Lakeman is in an ideal position to connect all the dots, but he’s prevented from delivering his findings to the historical society because of sexual misconduct. Undeterred, he takes his metal detector to the north woods to locate the fourth skeleton mentioned in the “Nightmaids” Letter but, on the brink of succeeding, dies of a heart attack while digging up the bones. The novel suggests that the fragility of human life makes it nearly impossible to create an enduring narrative over a broad sweep of time. Once again, only a ghost can make sense of all that has come before.
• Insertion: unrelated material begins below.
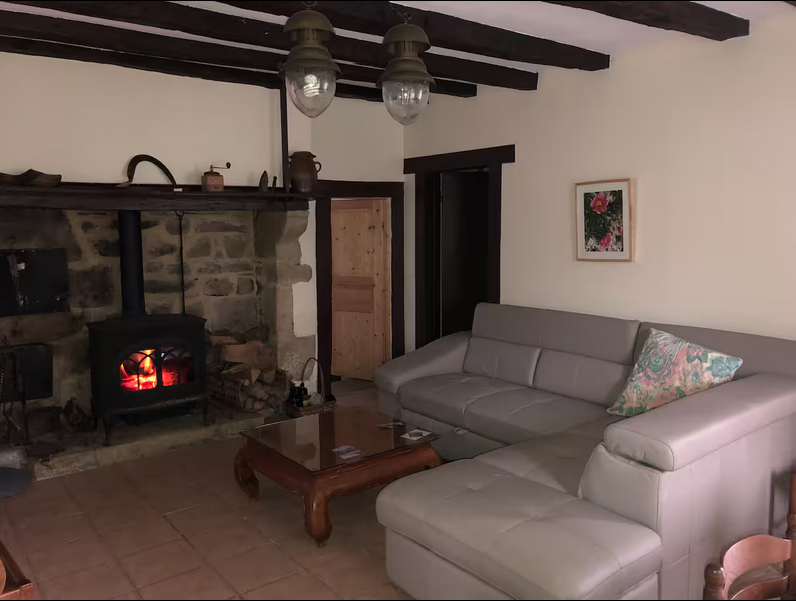 La maison des prés, Saint-Martin-Sainte-Catherine - photo 3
After Nora dies in a car crash, she meets Charles. They share stories of their lives, and Nora learns the full history of the north woods. Because she no longer exists in a linear time dimension, she can travel back and experience the woods as they looked in Charles’ day. She crosses paths with Teale as he endeavors to capture this lush landscape on canvas. Ultimately, Nora’s broad access to time leads her to align with the land itself. The theme of The Land as Silent Witness reemerges as all that has transpired becomes Nora’s experience as well. As a ghost, she becomes like the land a silent witness not only to events from the past but also to the centuries that unfold after her demise. Given the breadth of this perspective, individual lives and individual generations no longer hold any dramatic significance either to her or to the north woods: “Sometimes, overwhelmed, she retreats into the forests of the past. She has come to think of them as her private Archive, herself as Archivist” (368).
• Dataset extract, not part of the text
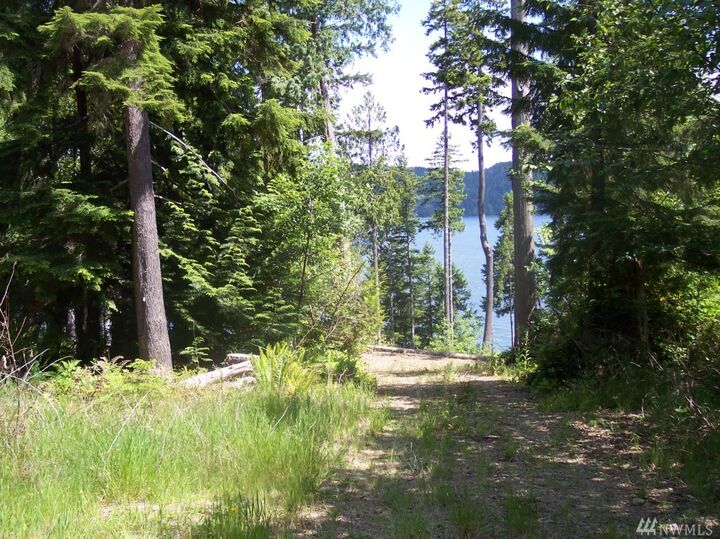 Property Photo: 0 Lot B US Highway 101 WA 98548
As Nora’s narrative explains, her interest in botany began with a larger interest in the concept of succession, and this word is the title of the book’s final chapter: “Her current project [...] had grown out of her interest in succession generally, the patterns by which one group of plant or animal species replaces another” (348). Thematically, it might be tempting to mourn Paradise Lost, but Nora points out that life and nature can be viewed only as a process of change. Change is neither good nor bad. It simply is. Many characters in the novel were willing to kill to keep their way of life from changing. Doing so always ended in tragedy for them as well as their victims.

Nora’s centuries as a ghost give her greater insight into the nature of change. Endings aren’t tragic; they merely signal the beginning of a new cycle. She articulates this principle as she watches the yellow house burn to the ground: “She is accustomed to indifference—it is what one might call the great lesson of the world [...] It takes two hours, and the house is gone. For a moment, a stillness hangs over the rubble, and then it all begins again” (369).